We could also look at arranging the data just by values. What are the most positive words that occurred in the dream dataset?
df_word %>% arrange(desc(value))
## # A tibble: 1,731 x 5 ## # Groups: word, value, dream_number [1,731] ## word value dream_number sample frequency ## <chr> <dbl> <int> <fct> <int> ## 1 superb 5 157 vietnam_vet 1 ## 2 brilliant 4 327 hall_female 1 ## 3 brilliant 4 339 hall_female 1 ## 4 fantastic 4 377 hall_female 1 ## 5 fun 4 167 vietnam_vet 1 ## 6 fun 4 390 hall_female 1 ## 7 funny 4 177 vietnam_vet 1 ## 8 funny 4 255 hall_male 1 ## 9 overjoyed 4 280 hall_male 1 ## 10 overjoyed 4 315 hall_female 1 ## # … with 1,721 more rows
Likewise, we can ask what are them most negative words in the dreams dataset?

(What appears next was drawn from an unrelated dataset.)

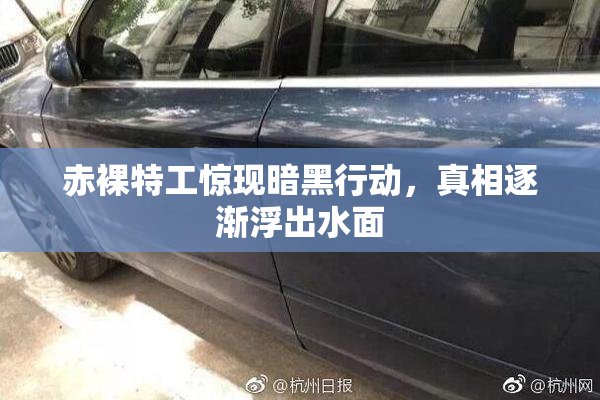 赤裸特工惊现暗黑行动，真相逐渐浮出水面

df_word %>% arrange(value)
## # A tibble: 1,731 x 5 ## # Groups: word, value, dream_number [1,731] ## word value dream_number sample frequency ## <chr> <dbl> <int> <fct> <int> ## 1 dick -4 120 vietnam_vet 3 ## 2 fucking -4 170 vietnam_vet 2 ## 3 ass -4 107 vietnam_vet 1 ## 4 fucker -4 128 vietnam_vet 1 ## 5 shit -4 121 vietnam_vet 1 ## 6 shit -4 178 vietnam_vet 1 ## 7 whore -4 297 hall_male 1 ## 8 dead -3 336 hall_female 4 ## 9 dead -3 351 hall_female 3 ## 10 die -3 226 hall_male 3 ## # … with 1,721 more rows
This raises one of the key principles in computerised text analysis - human interpretation is crucial to checking the validity of the conclusions. Take the word ‘fucking’. If this is being used as an adjective, we might agree that it will probably indicate a negative appraisal of some event. However, it could be a verb! To check this we will need our original dataset where the dreams are still untokenized. Let’s read them in as df then run the str_which() function to identify the dream containing the word “fucking”.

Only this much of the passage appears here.